> **ENTRIES PROVIDED**:
•••••

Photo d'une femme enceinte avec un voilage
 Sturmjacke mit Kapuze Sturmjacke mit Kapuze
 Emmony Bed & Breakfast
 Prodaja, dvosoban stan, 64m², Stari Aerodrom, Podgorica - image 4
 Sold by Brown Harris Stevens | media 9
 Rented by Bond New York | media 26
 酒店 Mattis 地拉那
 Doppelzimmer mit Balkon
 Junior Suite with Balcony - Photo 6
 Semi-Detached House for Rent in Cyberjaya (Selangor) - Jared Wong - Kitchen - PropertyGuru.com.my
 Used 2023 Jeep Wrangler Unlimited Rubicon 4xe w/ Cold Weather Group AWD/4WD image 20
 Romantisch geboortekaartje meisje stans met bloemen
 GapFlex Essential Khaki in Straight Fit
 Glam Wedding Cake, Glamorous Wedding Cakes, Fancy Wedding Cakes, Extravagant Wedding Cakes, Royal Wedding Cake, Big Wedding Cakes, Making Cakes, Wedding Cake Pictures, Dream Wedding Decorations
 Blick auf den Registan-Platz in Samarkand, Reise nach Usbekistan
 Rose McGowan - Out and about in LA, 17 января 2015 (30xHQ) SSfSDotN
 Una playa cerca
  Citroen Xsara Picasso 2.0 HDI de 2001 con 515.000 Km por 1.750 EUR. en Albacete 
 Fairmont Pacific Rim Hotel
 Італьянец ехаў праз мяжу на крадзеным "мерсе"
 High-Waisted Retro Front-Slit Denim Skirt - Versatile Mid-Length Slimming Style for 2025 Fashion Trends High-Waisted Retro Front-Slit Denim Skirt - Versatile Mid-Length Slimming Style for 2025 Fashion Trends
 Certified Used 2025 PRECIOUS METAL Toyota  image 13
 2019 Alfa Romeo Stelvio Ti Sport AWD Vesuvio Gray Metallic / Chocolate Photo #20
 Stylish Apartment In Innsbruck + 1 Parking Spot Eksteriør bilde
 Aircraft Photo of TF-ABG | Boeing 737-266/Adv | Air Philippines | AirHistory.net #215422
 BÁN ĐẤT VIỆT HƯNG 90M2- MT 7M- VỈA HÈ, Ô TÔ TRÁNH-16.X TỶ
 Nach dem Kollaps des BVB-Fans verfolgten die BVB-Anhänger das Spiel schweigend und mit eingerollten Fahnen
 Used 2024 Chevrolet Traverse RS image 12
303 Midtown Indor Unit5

•••••

> **WHAT TO DO**: Please show, exactly as written, every line above that contains the word "image".

> **EXERCISE SOLUTION**:
 Prodaja, dvosoban stan, 64m², Stari Aerodrom, Podgorica - image 4
 Used 2023 Jeep Wrangler Unlimited Rubicon 4xe w/ Cold Weather Group AWD/4WD image 20
 Certified Used 2025 PRECIOUS METAL Toyota  image 13
 Used 2024 Chevrolet Traverse RS image 12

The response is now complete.